If, according to the judgment of this court in the former case, Exhibit A grants the defendant the option to cancel the contract at any time, upon payment of the sum of P6,000, and if the defendant demanded such cancellation offering to pay said sum in good faith, the plaintiff in refusing to consent to such cancellation, violated the contract. Such being the case, the plaintiff has no cause of action against the defendant because it is based on the alleged obligation of the said defendant to purchase its molasses during the period in which such obligation would not have existed, had not the plaintiff, in violation of the contract, refused the cancellation thereof. In such case, the plaintiff derives its cause of action from its own violation thereof. To recognize the validity of such cause of action would be to sanction and legalize such breach. On the other hand, such breach of contract cannot be the source of rights.
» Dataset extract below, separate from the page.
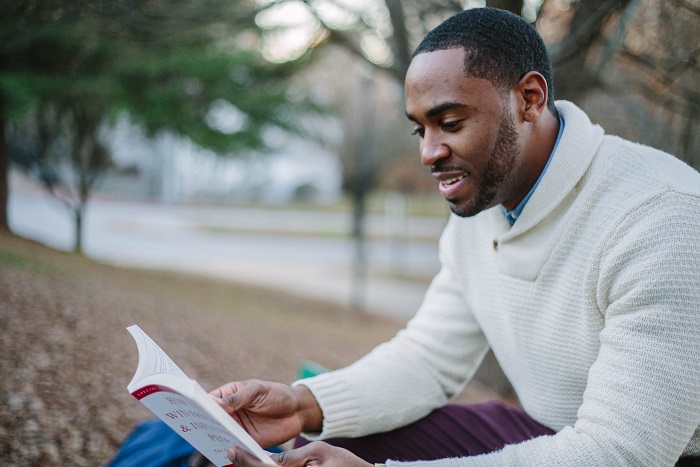 A young bearded black man reading a book outdoors near a lake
Had the contract been cancelled in January, 1931, when the defendant demanded its cancellation, as it had a right to do, there would have been no contract to be complied with by the defendant from that date and the plaintiff’s cause of action could not have been based on the cancelled contract. Plaintiff’s violation of that contract by refusing to cancel the same cannot now be the basis of its cause of action.

Wherefore, the judgment appealed from is hereby affirmed, with costs against the appellant. So ordered.

Street, Hull, Vickers, Butte, and Goddard, JJ., concur.